Your instructions: Transcribe the whole listing exactly, but do not carry over its pictures.

★ ★ ★

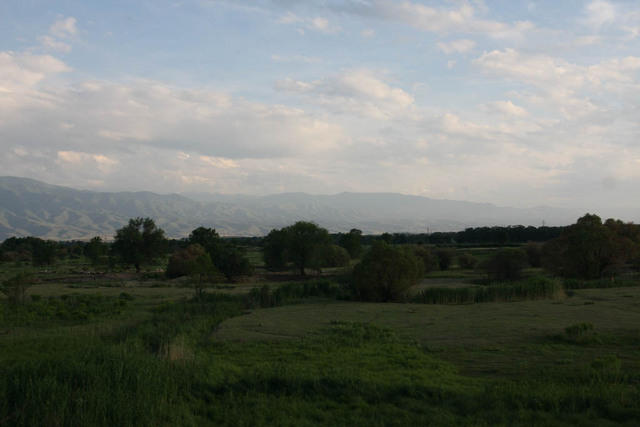 IMG 8863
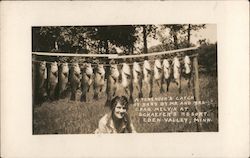 A Forenoon's Catch of Bass By Mr. and Mrs. Chas Melvin At Shaefer's Resort Postcard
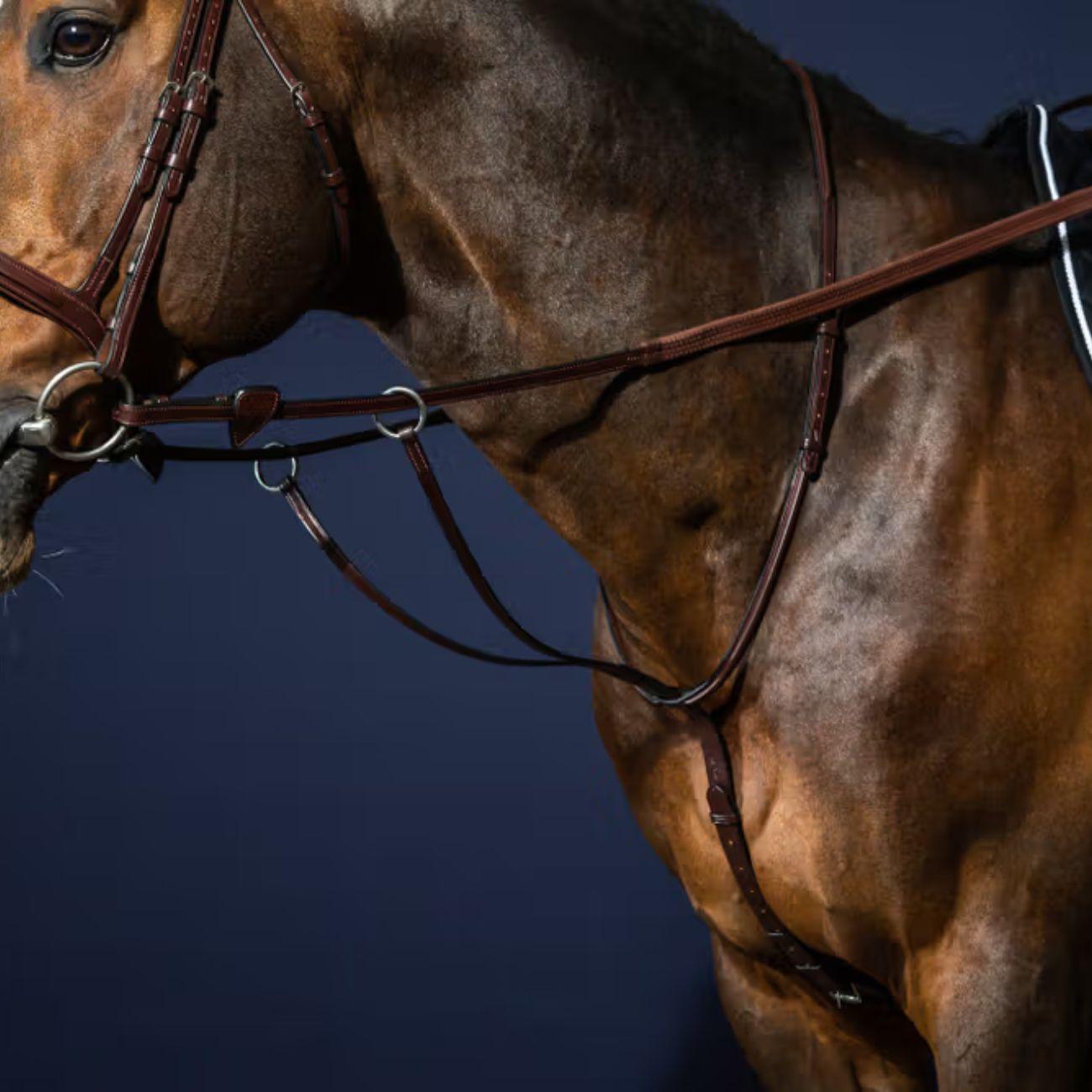 DY'ON Martingala Running New English NE07G BROWN DY'ON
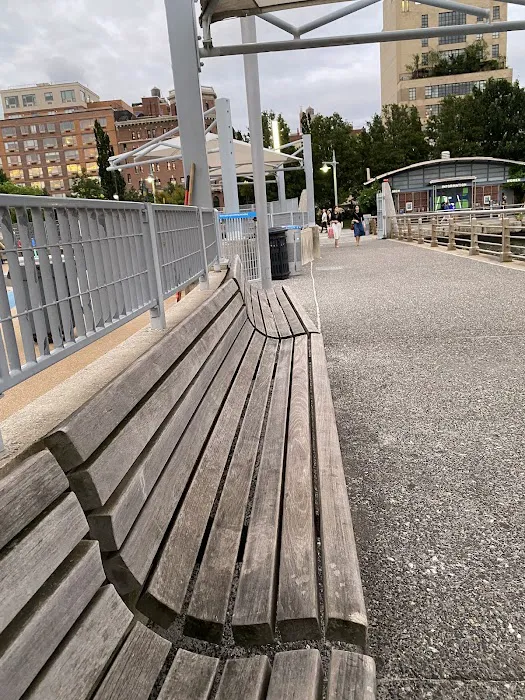 Pier 51 at Hudson River Park Picture 7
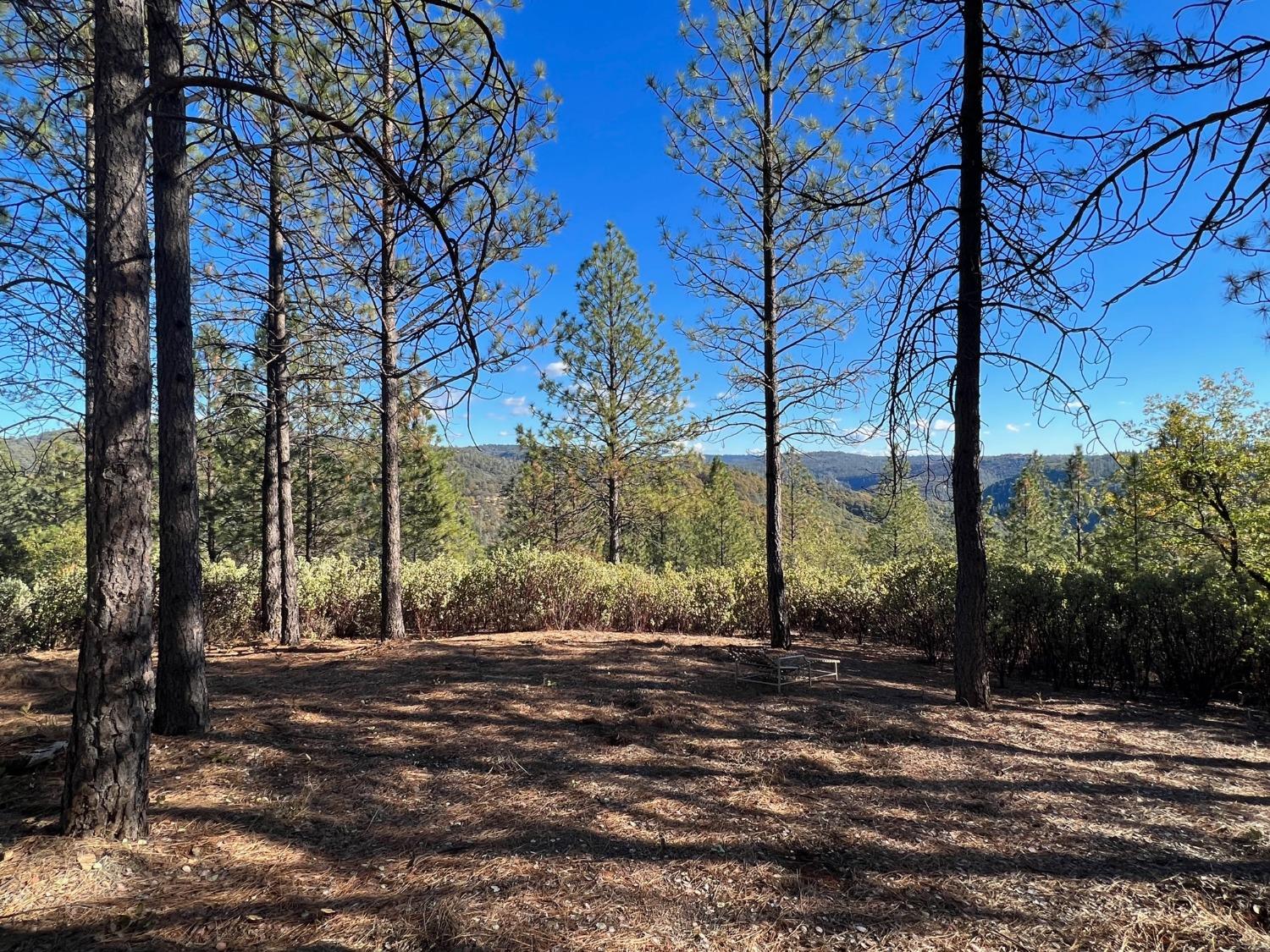 a view of a tree in the middle of forest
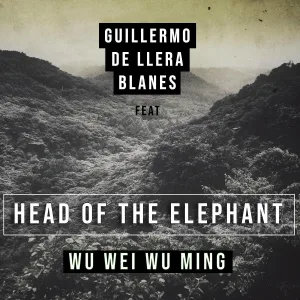 Guillermo de Llera Blanes feat. Head of the Elephant - Anokoadare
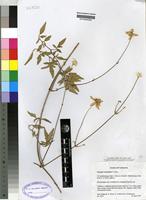 Isotype of Clematis welwitschii O.Ktze. [family RANUNCULACEAE]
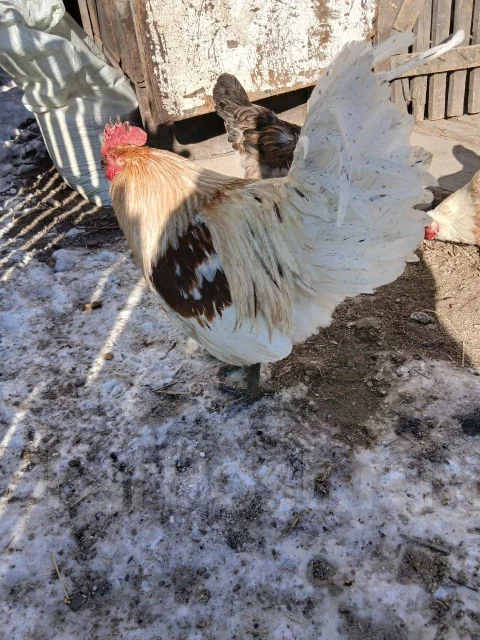 ����. ����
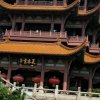 学唱的头像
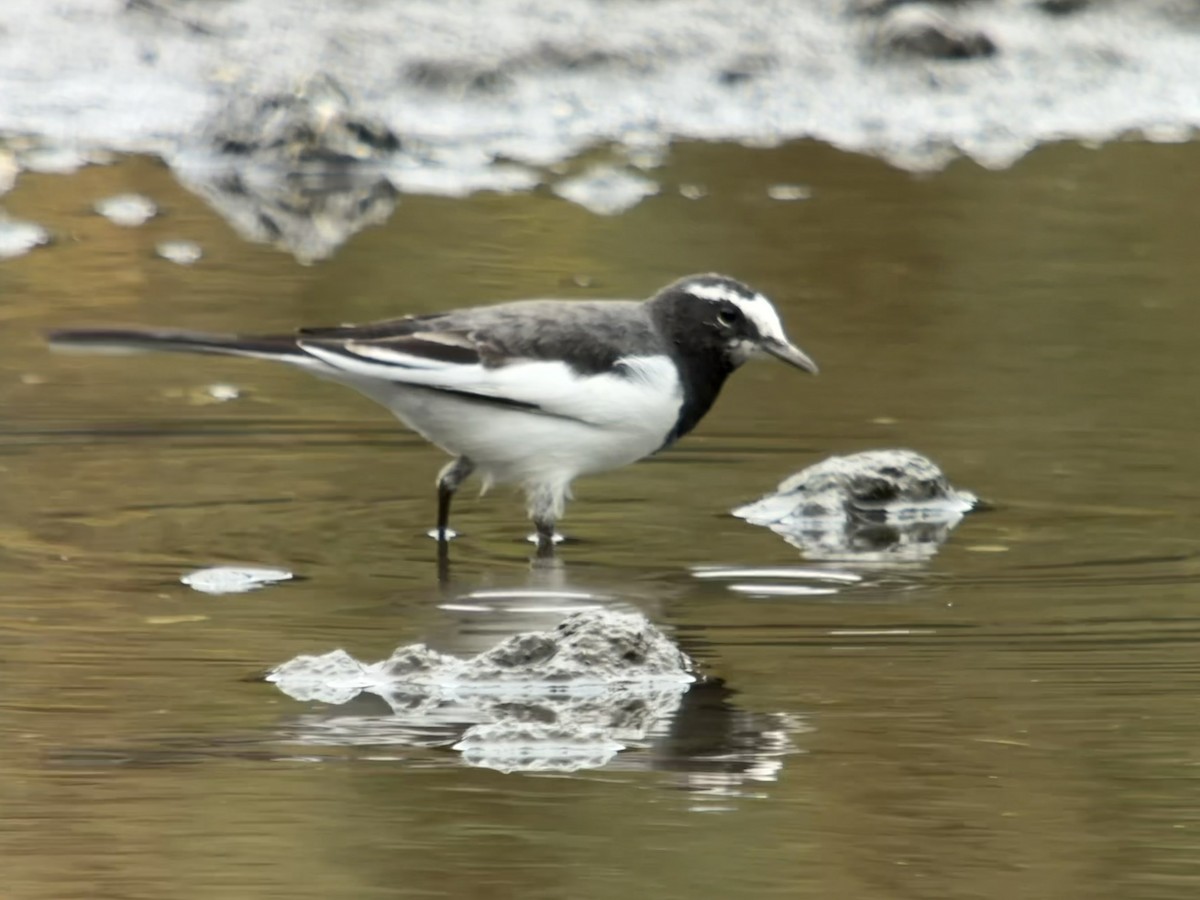 Japanese Wagtail - ML643749089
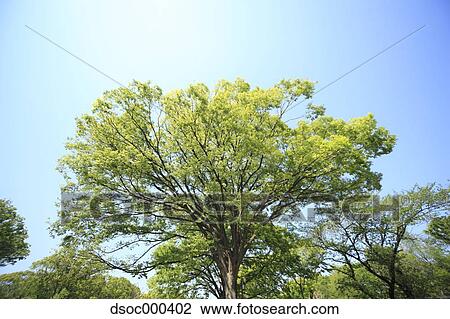 Trees and sky View Large Photo Image Stock Image - Trees and sky. Fotosearch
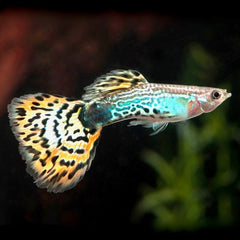 Poecilia ret.   Guppy man mix XL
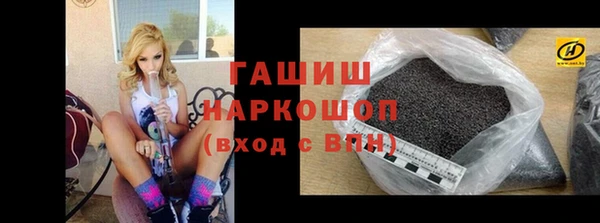 дмт Гусев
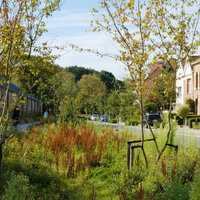 POV door groen met uitzicht op woonwijk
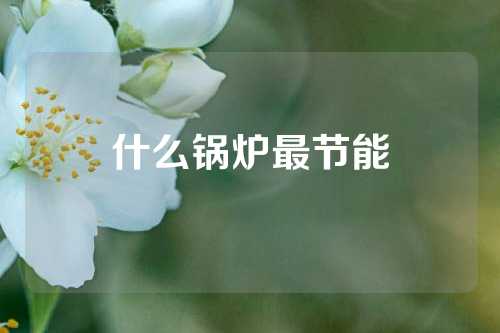 什么锅炉最节能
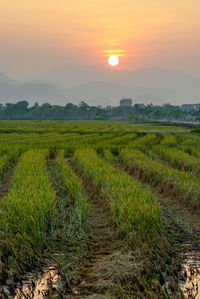 Scenic view of field against sky at sunset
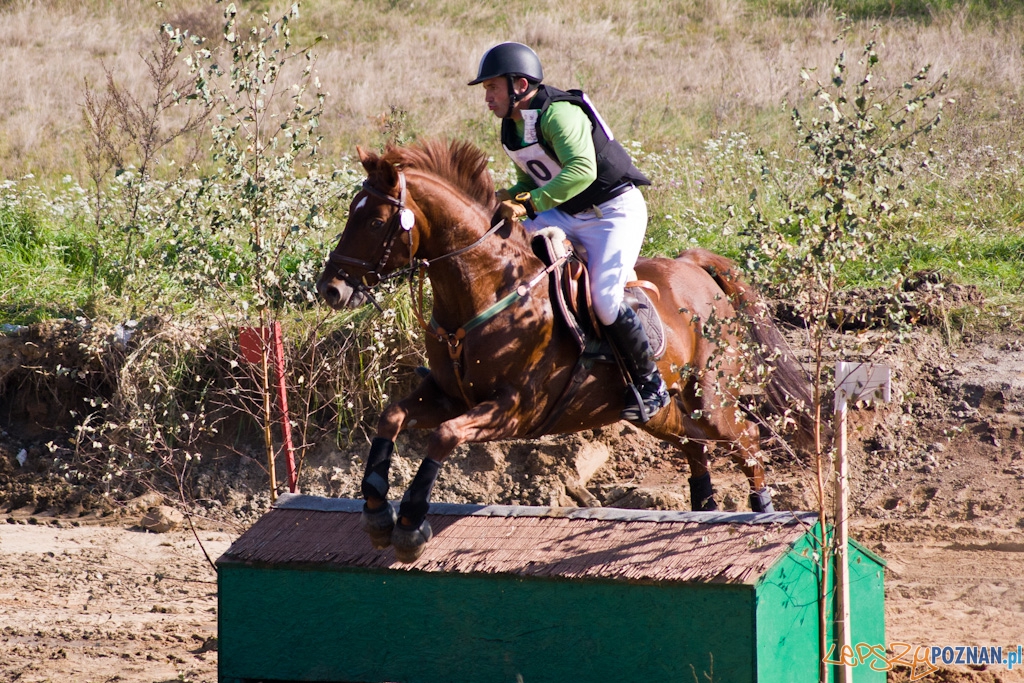 Ostatni dzień Mistrzostw Na Hipodromie Wola Foto: Piotr Rychter Ostatni dzień Mistrzostw Na Hipodromie Wola Foto: Piotr Rychter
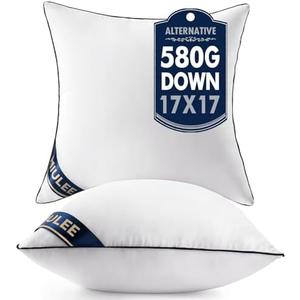 MIULEE 17x17 Pillow Inserts Set of 2 Throw Pillows 17 Inch Premium Down Alternative Pillow Inserts Decorative Pillow Stuffer for Sofa, Couch (17x17 inch, Set of 2)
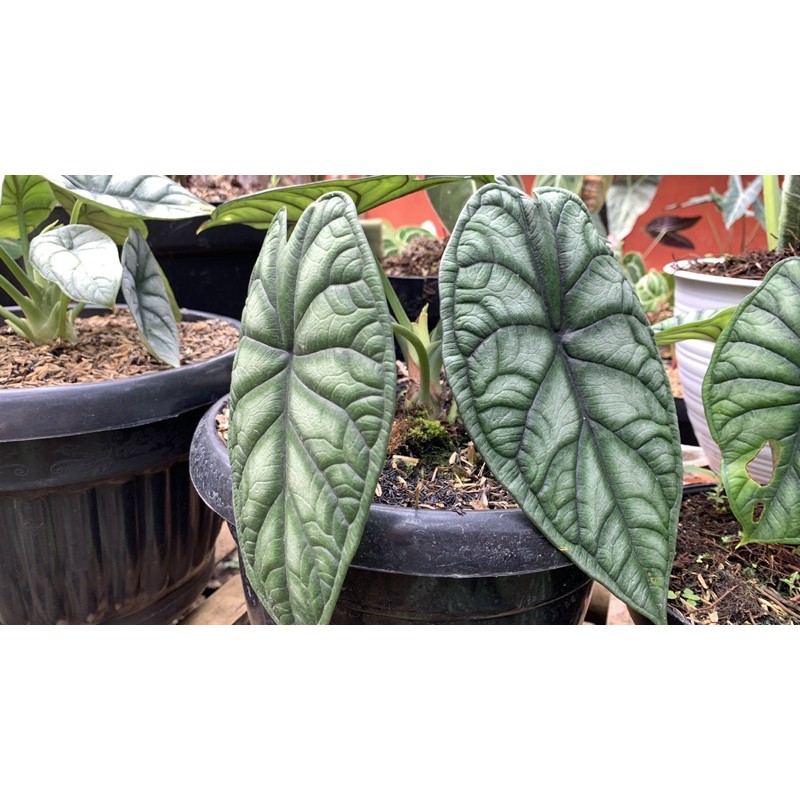 Tanaman Alocasia Dragon Scale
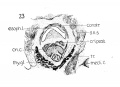 Fig. 23 Frontal section to show cricoid cartilage, M. cricoarytaenoideus posterior, and thyreoid gland.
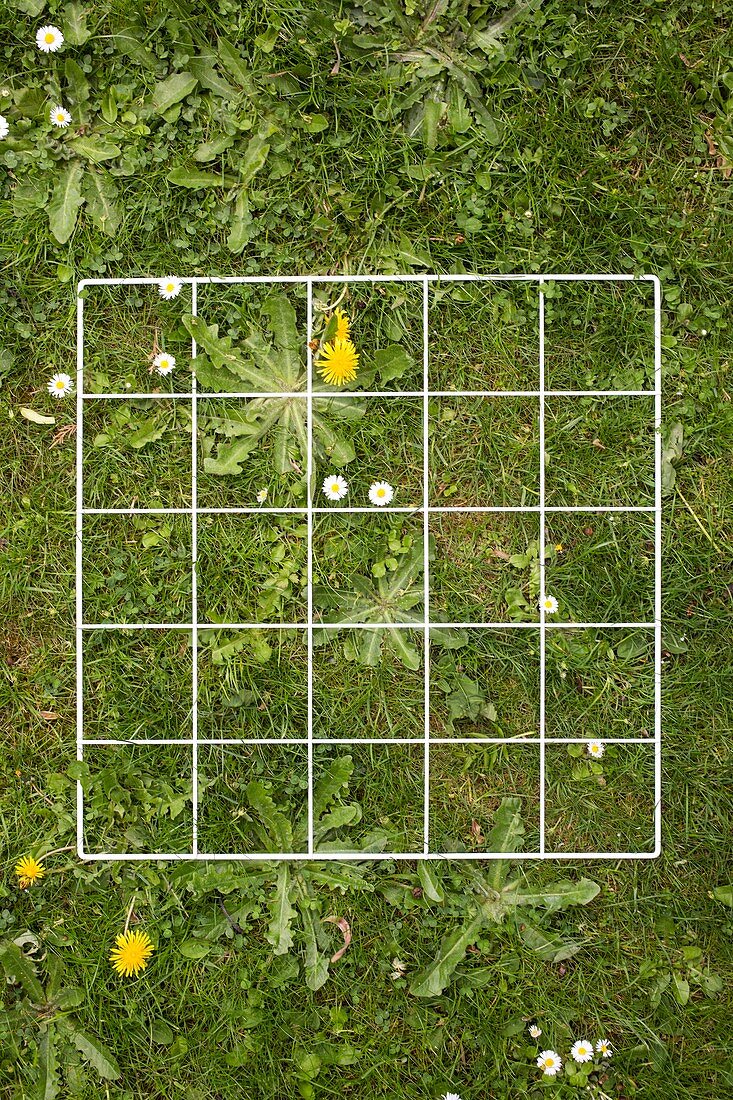Quadrat on a lawn with weeds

★ ★ ★

Response to the exercise:
 IMG 8863
 A Forenoon's Catch of Bass By Mr. and Mrs. Chas Melvin At Shaefer's Resort Postcard
 DY'ON Martingala Running New English NE07G BROWN DY'ON
 Pier 51 at Hudson River Park Picture 7
 a view of a tree in the middle of forest
 Guillermo de Llera Blanes feat. Head of the Elephant - Anokoadare
 Isotype of Clematis welwitschii O.Ktze. [family RANUNCULACEAE]
 ����. ����
 学唱的头像
 Japanese Wagtail - ML643749089
 Trees and sky View Large Photo Image Stock Image - Trees and sky. Fotosearch
 Poecilia ret.   Guppy man mix XL
 дмт Гусев
 POV door groen met uitzicht op woonwijk
 什么锅炉最节能
 Scenic view of field against sky at sunset
 Ostatni dzień Mistrzostw Na Hipodromie Wola Foto: Piotr Rychter Ostatni dzień Mistrzostw Na Hipodromie Wola Foto: Piotr Rychter
 MIULEE 17x17 Pillow Inserts Set of 2 Throw Pillows 17 Inch Premium Down Alternative Pillow Inserts Decorative Pillow Stuffer for Sofa, Couch (17x17 inch, Set of 2)
 Tanaman Alocasia Dragon Scale
 Fig. 23 Frontal section to show cricoid cartilage, M. cricoarytaenoideus posterior, and thyreoid gland.
Quadrat on a lawn with weeds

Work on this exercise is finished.